I went through and rotated each world hit direction into local character directions so the NPCs can react in the correct local direction based on the hit. This direction is now more intuitive for the designer to overwrite with with a simple angle if they chose to do so. Otherwise the direction is automatically converted based on the hit direction. An extra toggle was also added to account for if the hit should just always be away from the instigator, as for a ground hit for example, we would not want the downward direction to result in unexpected directions.
In the video on the right, we can see that the orange debug line shows the hit react direction, parallel with the ground, while the light blue line shows the impact direction.
I did some camera smoothing work, so there is an adjustable interpolation for camera lag with separate XY settings, as well as customization for the spring arm component for the interpolation of zooming back out, and the camera snapping forward when colliding against objects.
There was also some animation work for IK weapon placement on for the character on the weapon that needed to be activated on certain key frames to have the appearance of holding the weapon correctly when it is being swung around.
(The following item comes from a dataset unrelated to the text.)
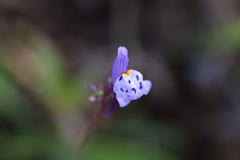 Linaria amethystea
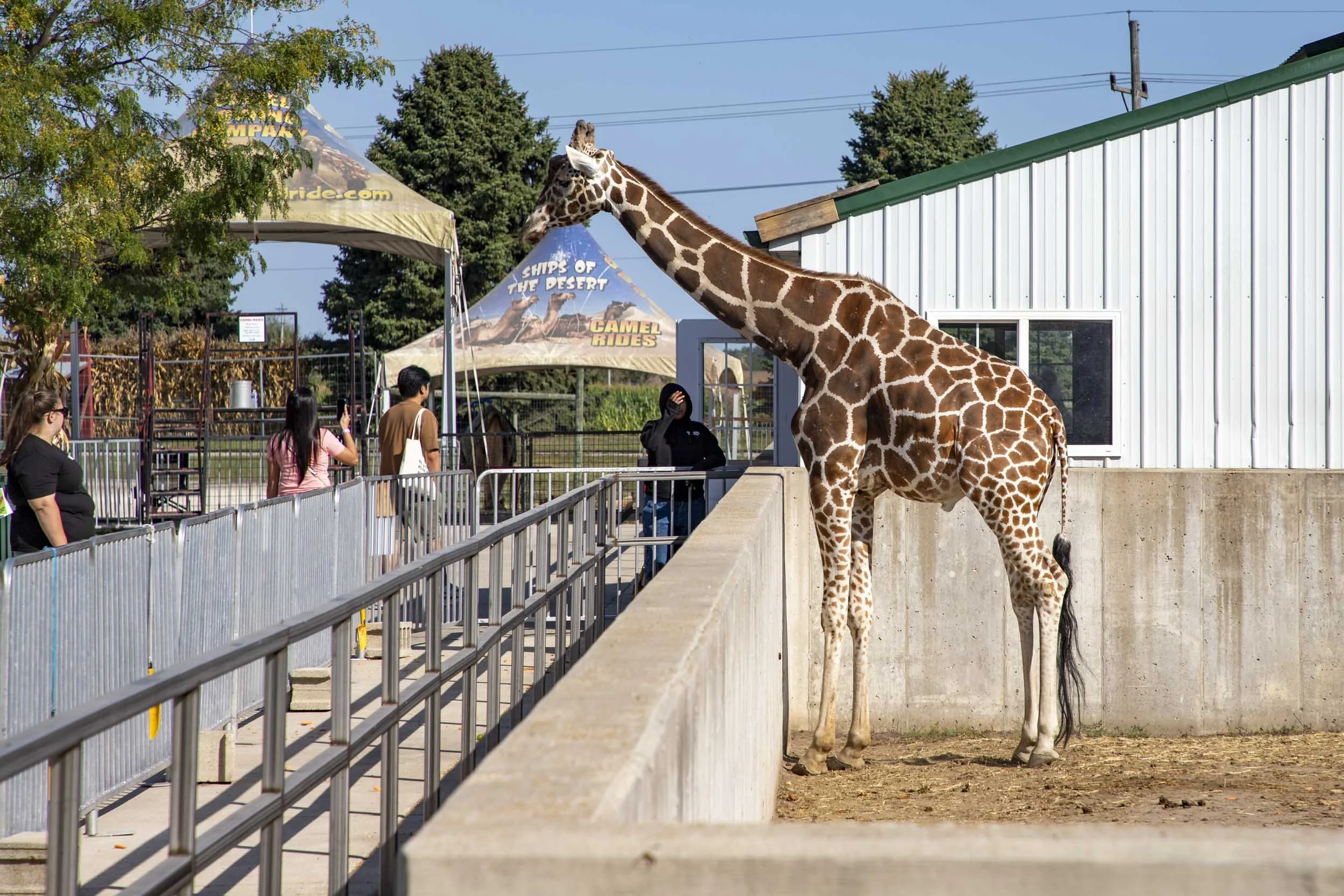A giraffe in its enclosure awaits treats from curious visitors.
This involved adding some code logic into the control rig and animation sequences.
Homestead and Civilization
There was work to have mesh interpolation and rotations on props. The video on the right shows the cooking of a spit roast by updating the color in the material, along with logic that only rotates when things are cooking, or stops rotating when there is food to be collected. This way there is clear feedback for the player on how and when to interact with certain props.
I have also worked on the grace and miracle system. It allows the player to convert their extra abundance of gold into blessings and buffs for gathering and other utilities. This is integrated through the gameplay ability system (GAS) and in the form of spell abilities with effects. I recall a big challenge was tracking server-client-account-wide timers for cooldowns as this is to be able to be utilized once daily or other limitations like that.
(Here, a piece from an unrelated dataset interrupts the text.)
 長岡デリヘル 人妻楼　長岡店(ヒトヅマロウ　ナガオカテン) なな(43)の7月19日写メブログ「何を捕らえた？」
I also made modifications to the loot table to buff certain numbers to increase yield, so a system was written around that to interact with gathering blessings. The loot system was very interesting as there are certain pool and samples of certain drops based on conditions, and I was able to go through and add ways "code" more logic for the loot tables in spreadsheets.

Other Contributions
SFX tasks I've worked on include audio events for building, construction, spells, combat, ambience, music, footsteps, NPC behaviors, UI interactions, and everything that makes sound in the game. Refactors involving audio component pooling, easier design for content drops, replication of data to proper clients/servers, and data driven designs were also done while implementing new features. 
VFX tasks involve particle events for combat, movement (falling & swimming), spells, interactions, and everything that uses particle effects in the game. Optimizations were done to reduce the amount of spawned components to handle the particle effects. Reduction in ray and line traces were also done to increase performance of the game.
While managing the ambience of the game, I also did a major refactor to the biome system. The system represents the map on a 2D texture and passes the data through color channels for each biome based on map location as well as how deep in the biome a location is. I fixed the system and used parenting to reduce duplicate code. While I was working on this, I also created volumes that allows for easier custom biome override and handling of multiple biomes on a single location on the 2D plane (for change based on altitude).